Step 2: Multiply: 10x = 7.777…

Step 3: Subtract: 9x = 7

Step 4: Solve: x = 7/9

What Are Rational Numbers?

A rational number is any number that can be written in the form p/q, where p and q are both integers and q ≠ 0. The word "rational" comes from "ratio" — it literally means a number that can be expressed as a ratio of two whole numbers.

Examples of rational numbers include: 3/4, −5/2, 7 (which equals 7/1), 0.6 (which equals 3/5), and 0.333... (which equals 1/3). Notice that whole numbers and fractions are all rational numbers.

The decimal expansion of a rational number either terminates (ends, like 0.75) or recurs (repeats in a pattern, like 0.363636... = 4/11). If a decimal does either of these things, it is rational.

What Are Irrational Numbers?

An irrational number cannot be written as p/q for any integers p and q. Its decimal expansion goes on forever with no repeating pattern. You can never write it exactly as a fraction or a terminating/recurring decimal.

The most famous examples are: √2 ≈ 1.41421356..., √3 ≈ 1.73205080..., and π ≈ 3.14159265.... The digits never end and never settle into a repeating cycle.

A useful rule: √n is irrational whenever n is not a perfect square. So √4 = 2 is rational, but √5, √6, √7 are all irrational.

The Real Number System

Together, rational and irrational numbers form the real numbers. You can think of this as a hierarchy:

Real Numbers contain everything. Inside real numbers, you have two separate groups that do not overlap: Rational Numbers and Irrational Numbers. Inside rational numbers, you have Integers (..., −2, −1, 0, 1, 2, ...), and inside integers you have Natural Numbers (1, 2, 3, ...). Every natural number is an integer, every integer is rational, every rational number is real — but not every real number is rational.

How to Classify a Number

To decide whether a number is rational or irrational, ask yourself three questions in order. First: is it a whole number or a simple fraction? If yes, rational. Second: is it the square root of a perfect square? (Like √9 = 3 or √25 = 5?) If yes, rational. Third: does its decimal expansion terminate or repeat? If yes, rational. If none of these apply, it is irrational.

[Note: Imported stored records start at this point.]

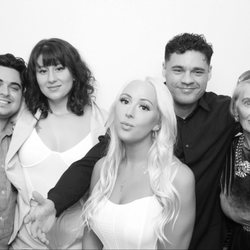 PhotoboothTO - The prints were super high quality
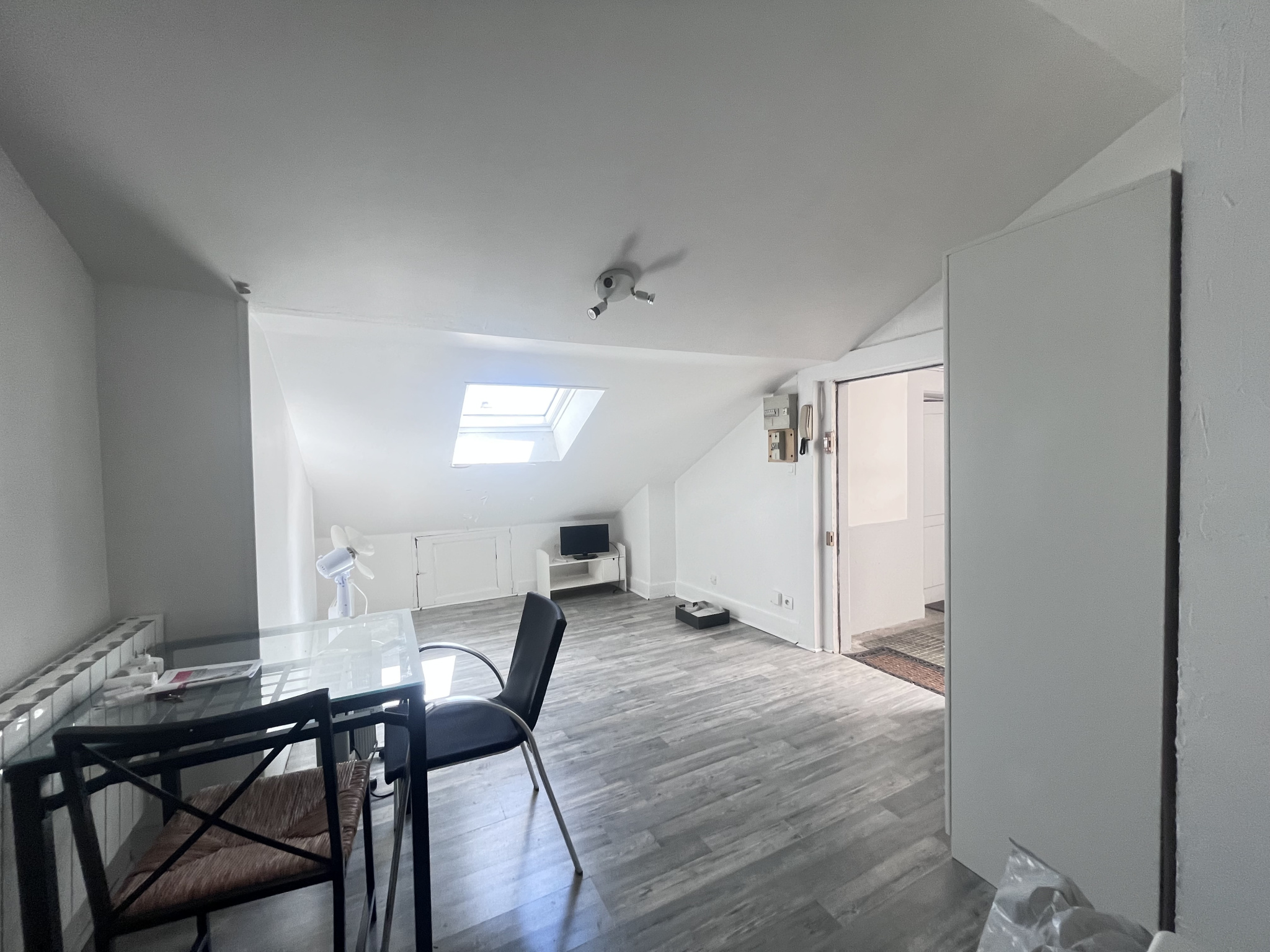 VENTE - Appartement - Saint-Étienne (42000) - 25000 €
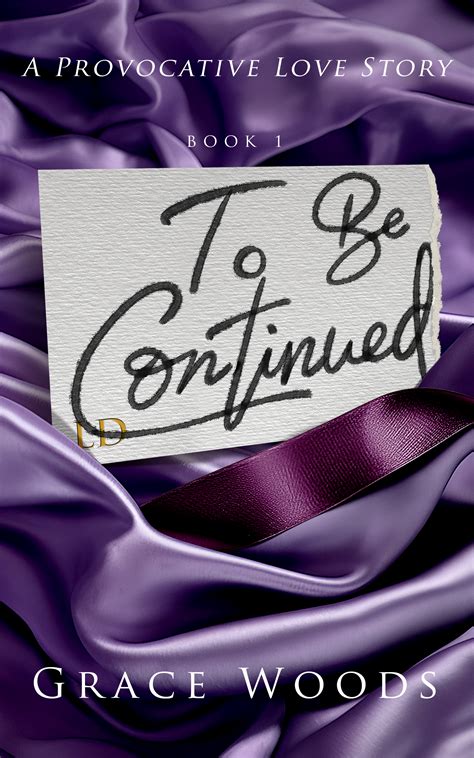 To be Continued...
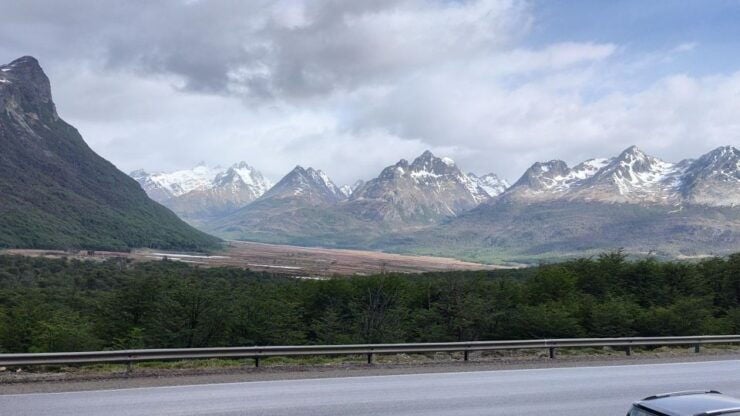 Fagnano & Escondido Lakes - Activity Features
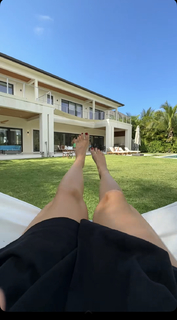 Corinna Kopf feet photo thumbnail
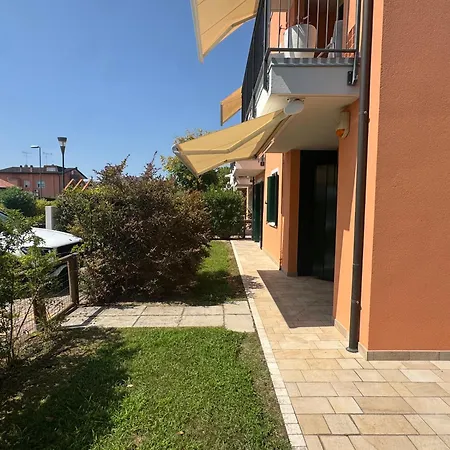 Velora Milano Dune Apartment Lido di Jesolo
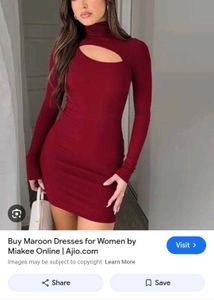 🎁SHEIN Red 👗 freebie 🎁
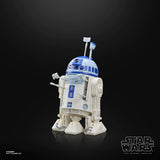 ( Pre Order ) Star Wars The Black Series R2-D2 Star Wars: Droids 6 Inch Action Figure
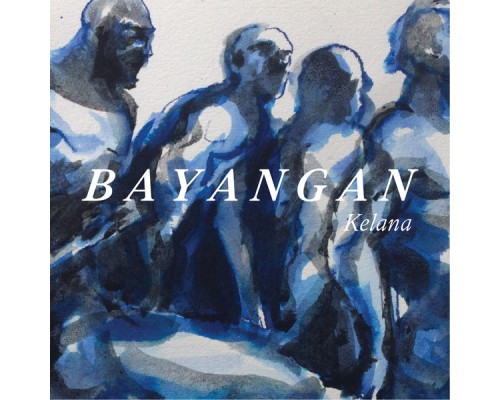 Bayangan - Kelana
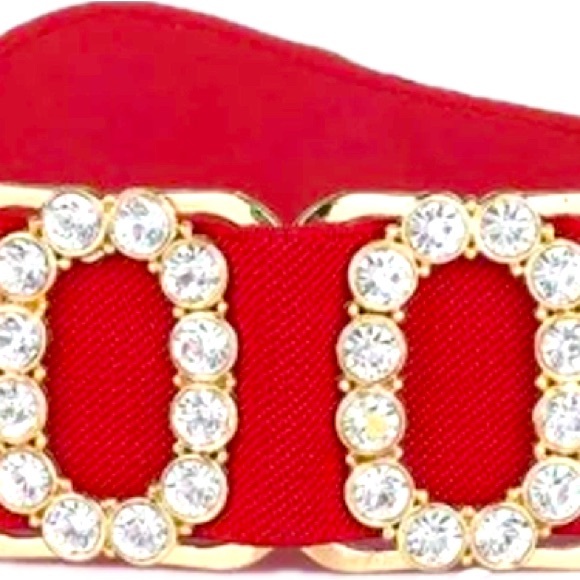 Sexy Fashion Belt - Picture 2 of 6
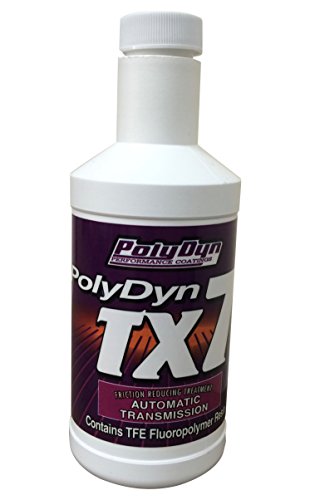 Engine & Oil PolyDyn TX7 TX7AUTO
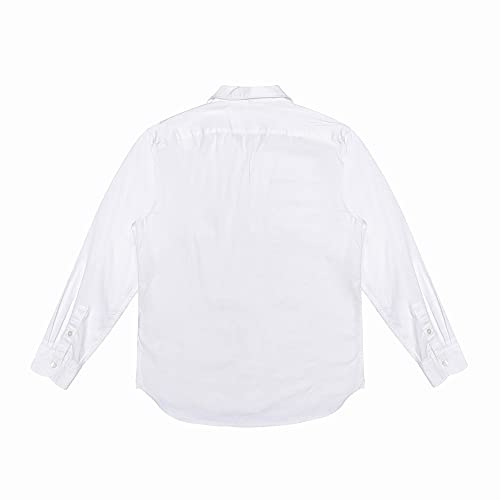 Levi's Men's 85748-0059 Classic 1 Pocket Standard Shirt, Blue, S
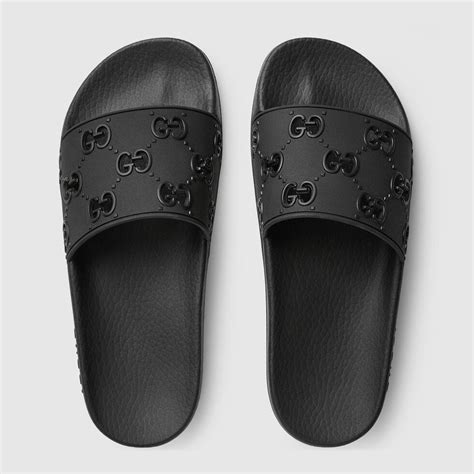 gucci slides boxx|Gucci slides outlet.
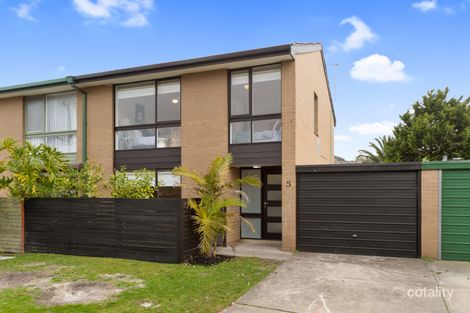 Property photo of 3 Bardoel Court Chelsea VIC 3196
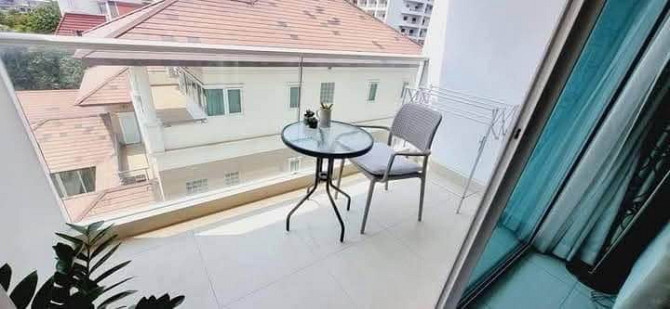 1 Bedroom Condo for Rent in Pratumnak Pattaya - photo 13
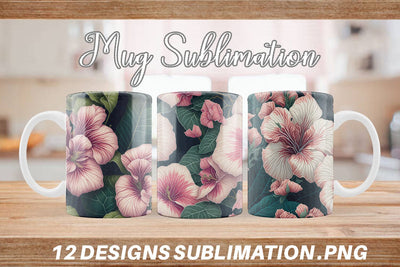 Mug sublimation designs SVG artnoy 
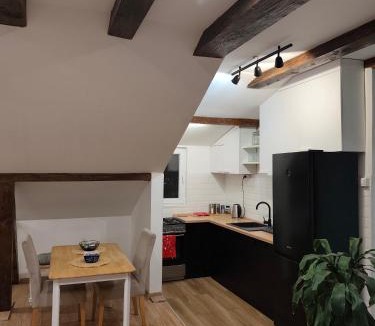 Karaburma Apartment | Meda Apartment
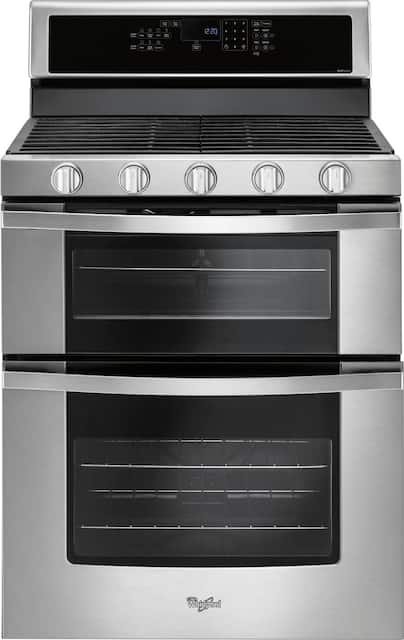 Best double deals oven brands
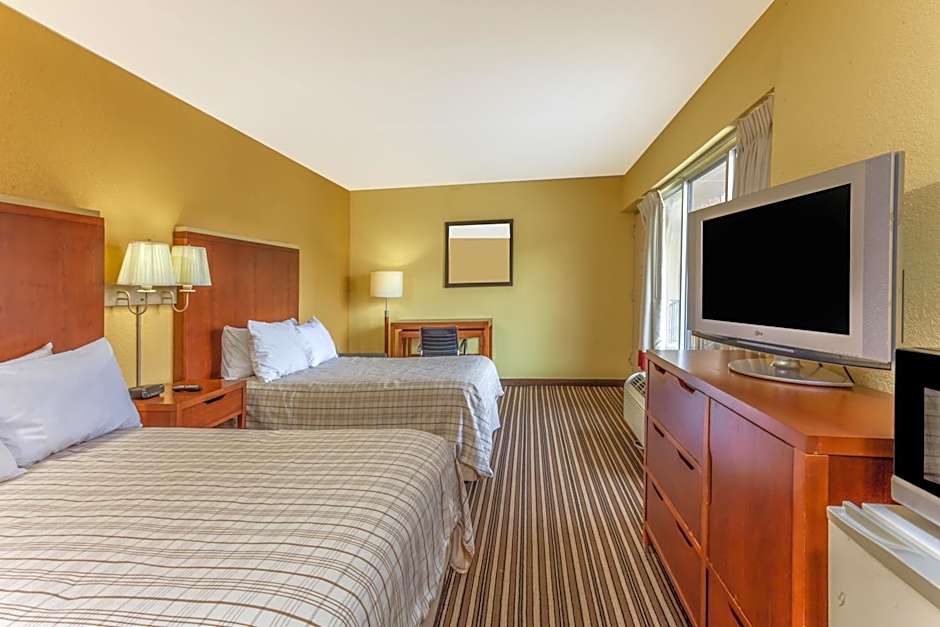 Lodge at Mill Creek Pigeon Forge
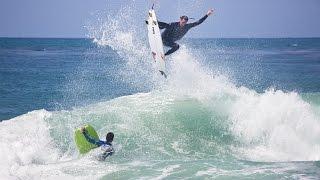 Jordy Smith | Welcome to California | O'Neill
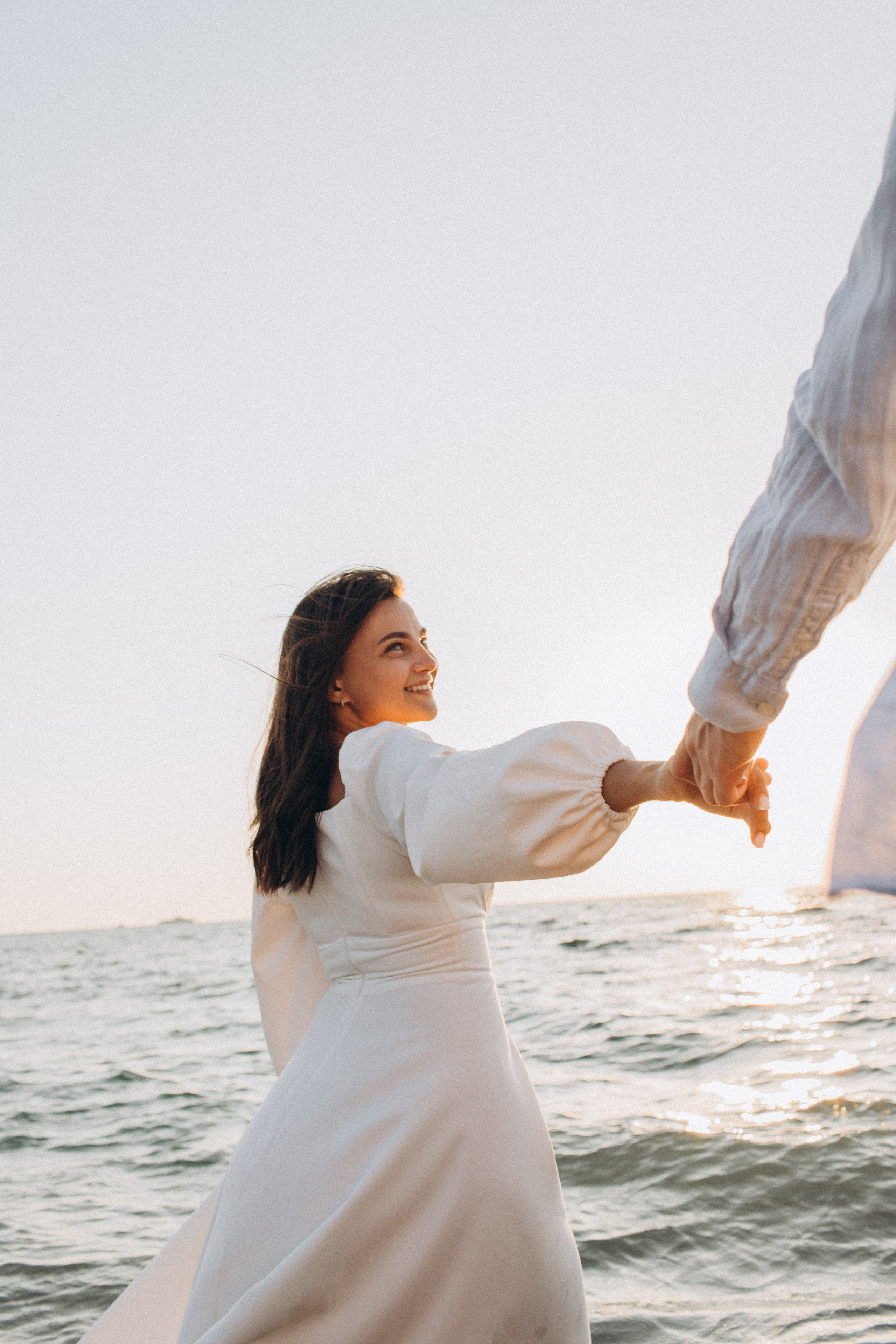 Бадрик и Ангелина. Фотограф в Сочи Кузьменкова Анастасия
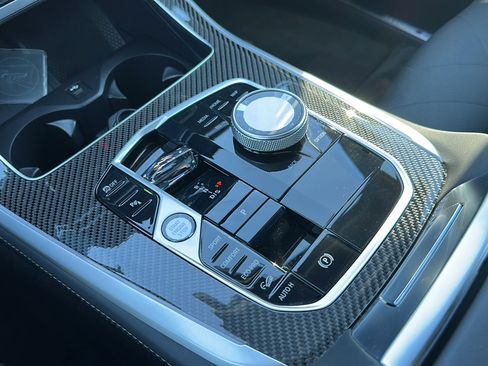 Used 2026 BMW X5 M60i image 35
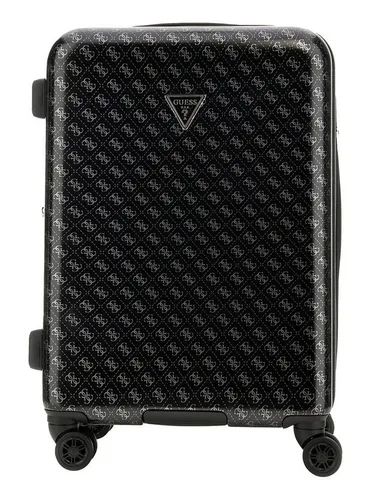 Guess Hartschalen-Trolley Jesco 8-Wheel 22 In, 4 Rollen von GUESS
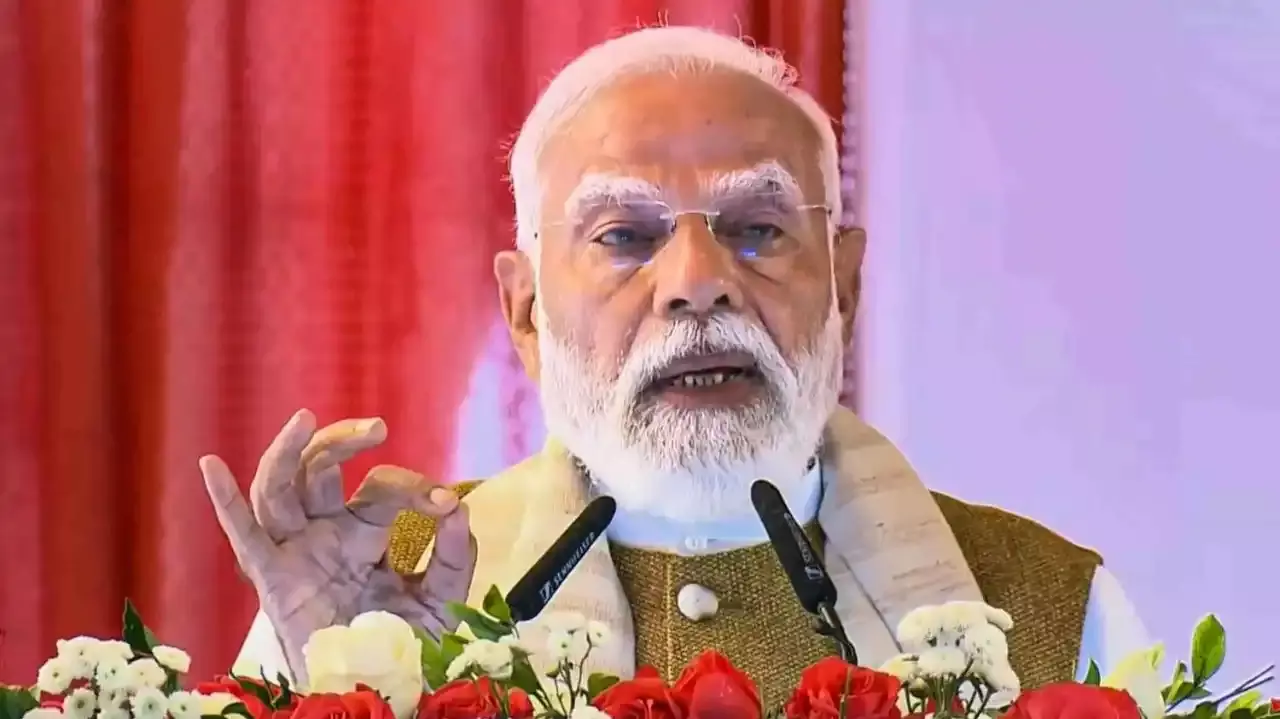 ‘కాంగ్రెస్ హయాంలో రక్షణ ఒప్పందాల్లో అవినీతి’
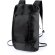 Mochila Plegable Signal negro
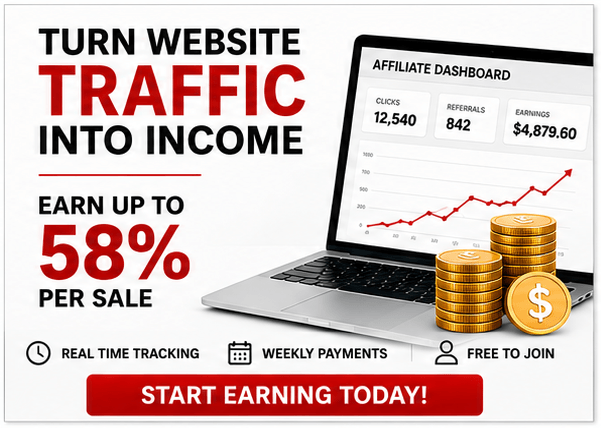 Why Promote RSH Web Services
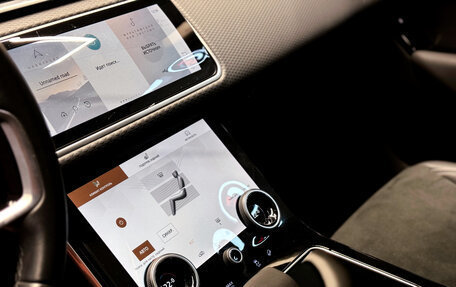 Land Rover Range Rover Velar I, 2022 год, 4 900 000 рублей, 19 фотография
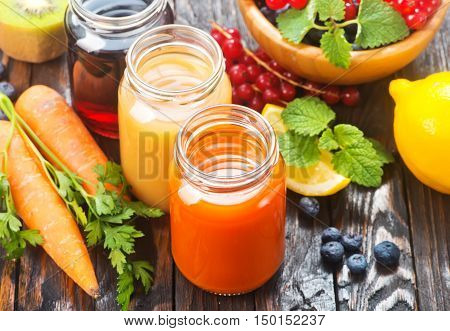 Juice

For example: √16 = 4 (rational, it equals a whole number). √17 is irrational (17 is not a perfect square). 0.125 = 1/8 (rational, it terminates). 0.101001000100001... (irrational, it never repeats).

Common exam mistake: Students sometimes think that because π appears in a formula like the area of a circle (A = πr2), the answer must always be irrational. But if r = 0 the area is 0 (rational!), and if the question says "give your answer in terms of π" you are leaving the irrational part as a symbol. Always check whether the π cancels or not before classifying your answer.

Mastery Practice

  1. Classify each number as Rational or Irrational. Complete the table. Fluency

      Number Rational or Irrational?
    (a)√4 
    (b)√2 
    (c)π 
    (d)0.333… 
    (e)1.5 
    (f)−7 
    (g)0 
    (h)√9 
    (i)√5 
    (j)5/8 

  2. Order each set of numbers from smallest to largest. Find approximate decimal values to help. Fluency

      Numbers to order Smallest → Largest
    (a)√5,   2.1,   √3,   7/3,   π−1 
    (b)−1/2,   −√2,   −0.7,   −1 
    (c)π,   22/7,   3.14,   √10,   3.2 

  3. Convert each recurring decimal to a fraction in simplest form. Fluency

      Recurring Decimal Fraction
    (a)0.5555… 
    (b)0.2222… 
    (c)0.9999… 
    (d)0.181818… 
    (e)0.363636… 
    (f)0.1666… 
    (g)0.8333… 
    (h)0.142857142857… 

  4. State whether each claim is True or False, and give a brief justification. Fluency

    1. Every integer is a rational number.
    2. Every rational number is an integer.
    3. √25 is irrational because it contains a square root sign.
    4. 0.999… is less than 1.
    5. The sum of two irrational numbers is always irrational.
    6. 22/7 is the exact value of π.

  5. For each number, identify all number sets it belongs to from: Natural (ℕ), Integer (ℤ), Rational (ℚ), Irrational, Real (ℝ). Understanding

    Number Hierarchy. Recall that ℕ ⊂ ℤ ⊂ ℚ ⊂ ℝ, and that irrational numbers are in ℝ but not ℚ.
    1. 12
    2. −5
    3. 3/4
    4. √2
    5. 0
    6. −2.7
    7. √81
    8. π/2

  6. Square garden problem. Understanding

    Garden Design. A square garden has an area of 50 m². A gardener claims the side length is “about 7 metres.”
    1. Find the exact side length, leaving your answer in surd form.
    2. Is the side length rational or irrational? Explain.
    3. Use a calculator to verify whether 7 m is a reasonable approximation.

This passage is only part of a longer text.